Ravenna, “il divano è mio”. Moglie e figlia devono pagare 5 euro per sedersi, il padre è il capo del processo – .

Ravenna, “il divano è mio”. Moglie e figlia devono pagare 5 euro per sedersi, il padre è il capo del processo – .
Ravenna, “il divano è mio”. Moglie e figlia devono pagare 5 euro per sedersi, il padre è il capo del processo – .

Una multa di 5 euro per ogni volta che moglie e figlie si sedevano sul divano di casa. I mobili, questa era la giustificazione, li aveva acquistati lui e ne dettava le condizioni, come pare facesse su tutto. Padre, marito e padrone. Lo fu per anni, finché il tribunale di Ravenna lo allontanò da casa. Nei confronti di un 60enne residente a Sant’Agata sul Santerno, gli anni di matrimonio sono sfociati in un processo per maltrattamenti in famiglia. E ieri il giudice dell’udienza preliminare Andrea Galanti ha accolto la richiesta dei difensori, gli avvocati Federica Montanari e Brunella Baruzzi, di procedere con un procedimento abbreviato, condizionato alla produzione di documenti e all’audizione degli imputati.

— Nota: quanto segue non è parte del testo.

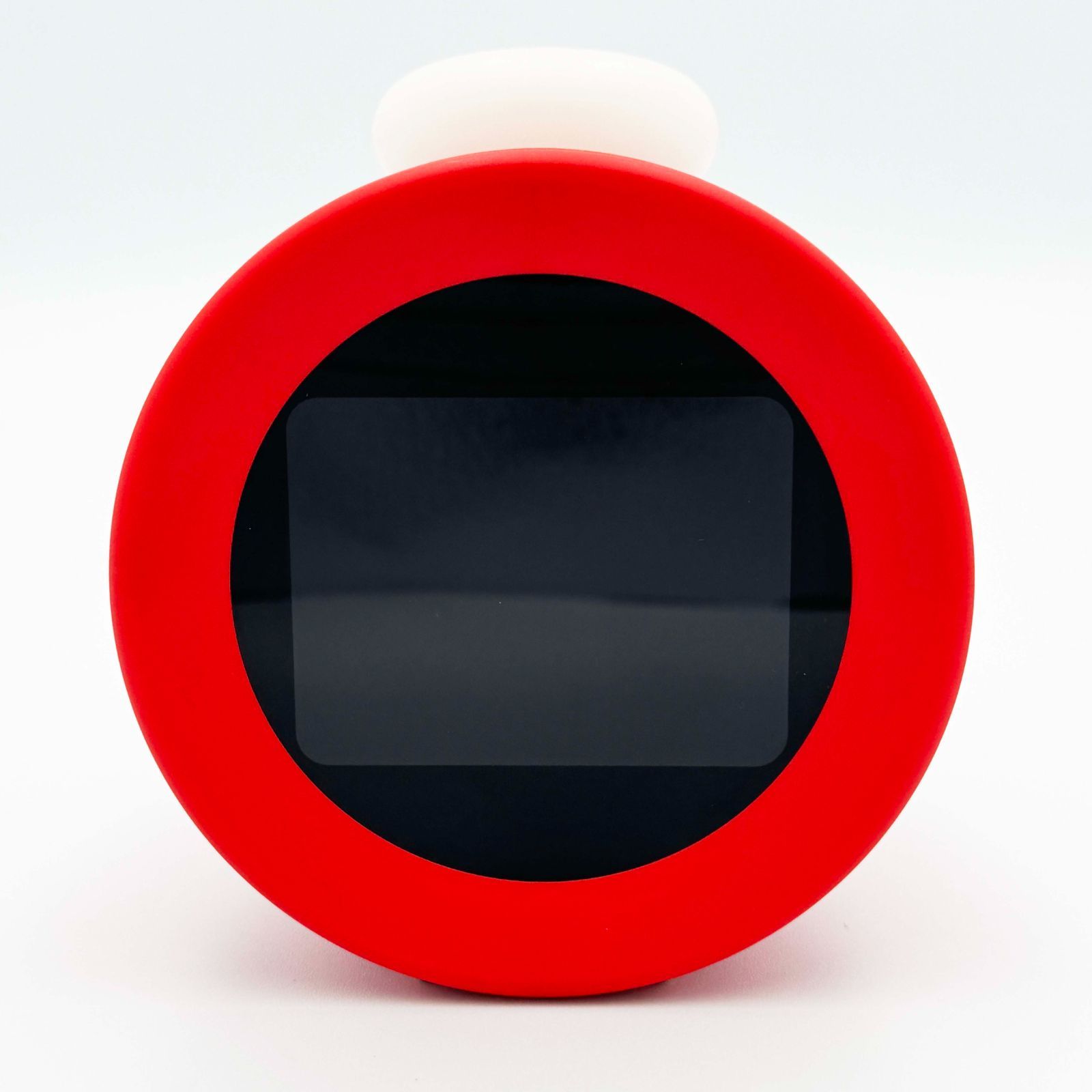 中古美品 Nintendo ニンテンドーサウンドクロック Alarmo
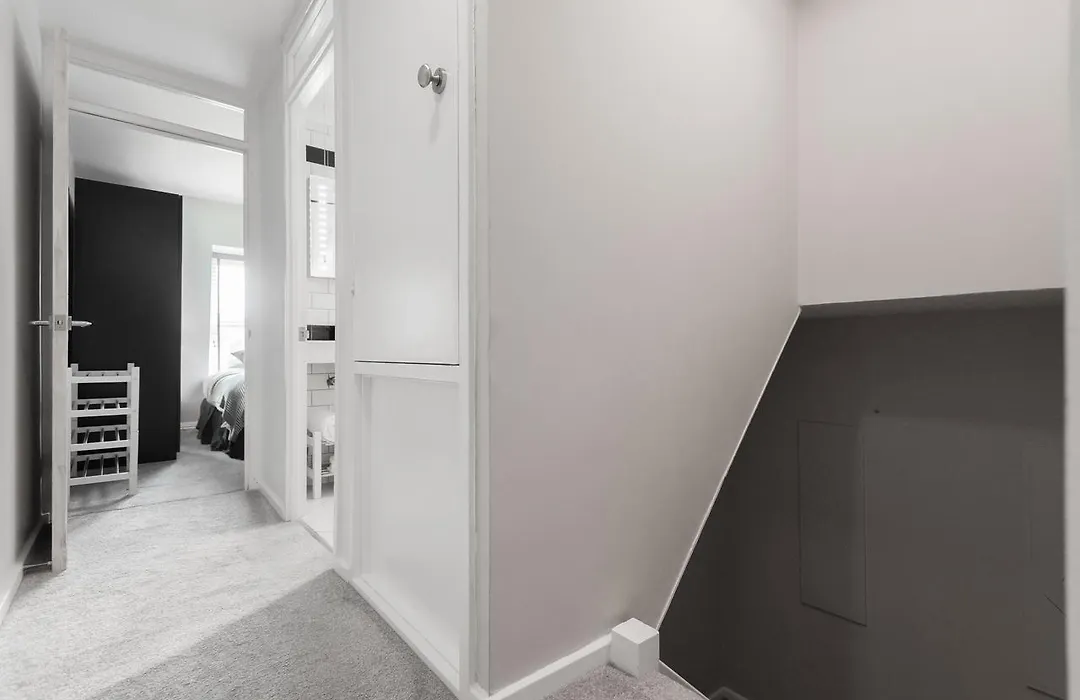 Second Nest Nine Elms-1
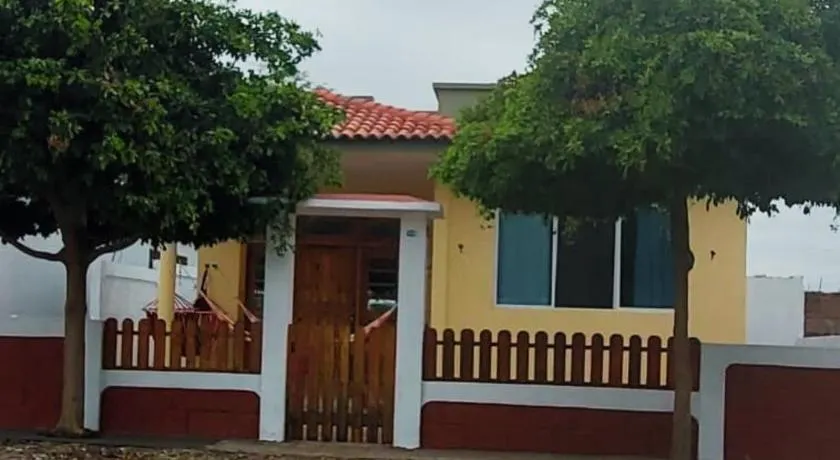 Paraíso Costero en Alquiler - Image 1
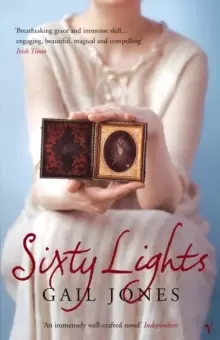 Image of Sixty Lights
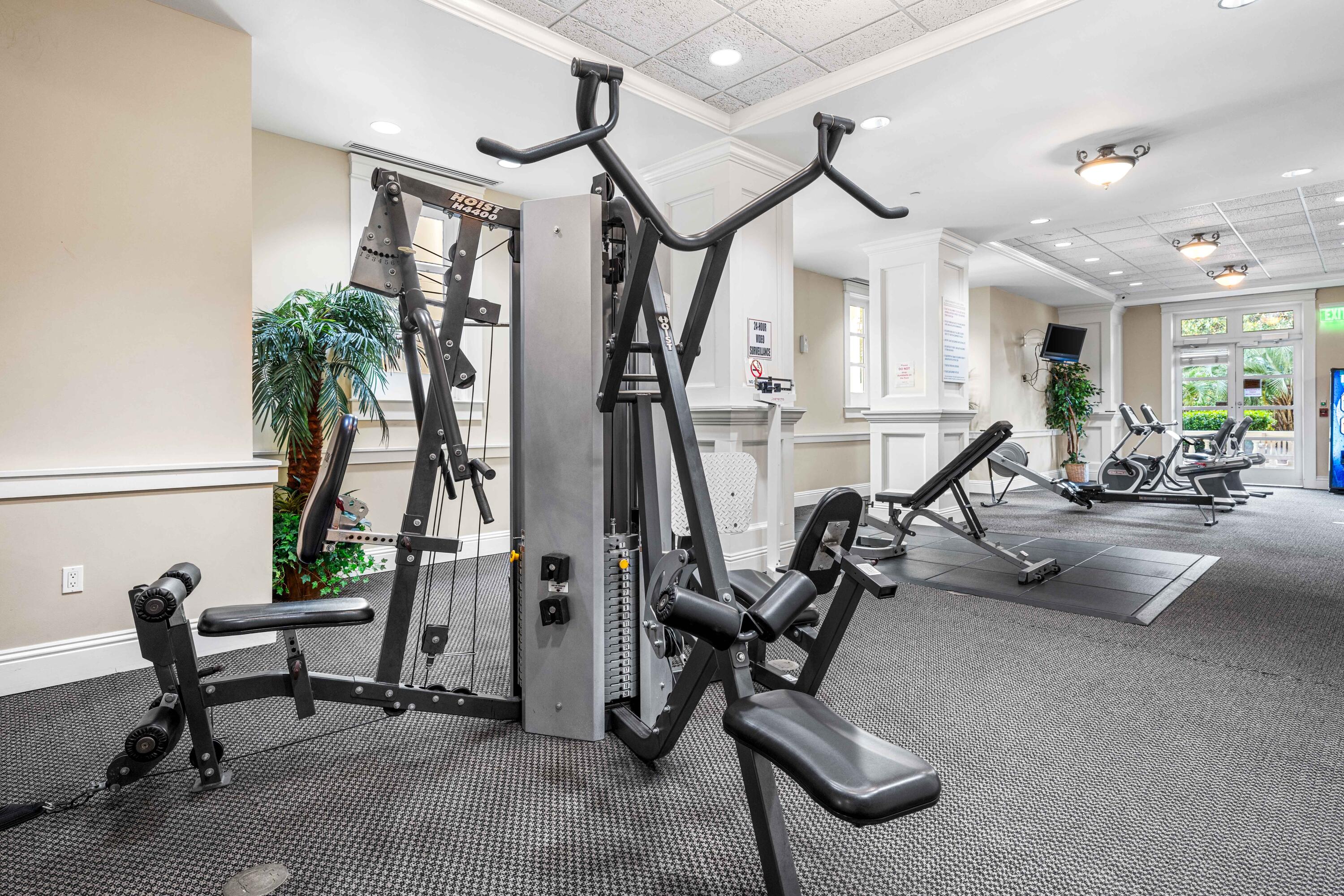 9600 Grand Sandestin Boulevard Miramar Beach FL 32550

Parte civile, invece, con l’avvocato Francesco Manetti, l’ex compagna dell’uomo. Si è accorta di essere sotto il controllo del marito solo dopo 20 anni di oppressione, grazie a un corso con uno psicoterapeuta. Prima di lei considerava normali le umiliazioni, le minacce e gli abusi. Li ha accettati anche in virtù del vivere in pace: proprio come quando, per evitare che le figlie litigassero con il padre per la “tassa” imposta sul divano di casa, ha deciso di comprarne un altro per sé e per le bambine.

Nelle accuse figurano anche banali ma indicative privazioni del clima che regnava all’interno delle mura domestiche: tra queste, il divieto di mangiare i gelati che comprava. Oppure i soldi scalati dai 1.400 euro messi a disposizione per le spese mensili, se la moglie non lava e stira le sue camicie, costringendolo a portarle in lavanderia. E quando una volta lei gli chiese di raccogliere l’accappatoio che era stato buttato a terra, lui avrebbe risposto: “Sono io quello che si è sposato”. Infine si passa alle aggressioni fisiche e alle minacce. Spinte, mani al collo, un colpo alla testa con un pentolino e una costellazione di altri episodi che rendono la convivenza un incubo di cui ora l’imputato dovrà rispondere.